# Incline Question

#### niel23

2+ Year Member
A block is on an inclined plane with a string attached from the block to a pulley at the top of the incline.
The coefficient of kinetic friction between the mass and the plane is 0.1. The mass is 100 kg. The plane is inclined at 30 degrees.

If the mass is moving up the inclined plane at a velocity of 2 m/s, what tension should be applied to the rope in order to make the mass reverse directions in exactly 1 s?

My method of solving this:

I first set up my equation as:
(force tension) - (force gravity x) - (force friction) = ma

Since acceleration will abruptly change in the downward direction, solving for a:
v final = v + at
0 = 1 + a (1 second)
a = -1 m/s^2 ---> since its going down the slope, sign will change to +

Plugging back into first question and solving for force of tension

force tension = [100 kg (10 m/s^2) sin 30] + [0.1 (100)(10) cos 30] + 100 (1 m/s^2)
Ft = 685 N

However, this is incorrect. The answer is 387 N.

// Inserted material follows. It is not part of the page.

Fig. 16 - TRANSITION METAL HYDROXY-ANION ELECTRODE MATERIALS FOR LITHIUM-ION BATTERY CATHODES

I'm stumped how to solve this problem. I'd appreciate any help on this, thanks!

#### theonlytycrane

7+ Year Member
Do you mean the block is sliding down the plane at 2 m/s?

Do you want the block to be held in place or then be pulled up the plane at 2 m/s?

#### betterfuture

2+ Year Member
Since velocity changed, there is an acceleration. If the mass experiences an acceleration, there is a force.

Fnet=ma=T-fk+mgsin30degrees

Since the velocity initially was 2m/s and it reversed direction, the instant it did, its final velocity became 0.

Using vf=vo+at, solve for a. Isolate T by itself after figuring out the net Force in the x direction (Fnet=100kg*acceleration) and solve.

#### niel23

2+ Year Member
@theonlytycrane, the block is sliding up the plane with an initial velocity of 2 m/s. However, after 1 sec, the block reverses direction and slides back down.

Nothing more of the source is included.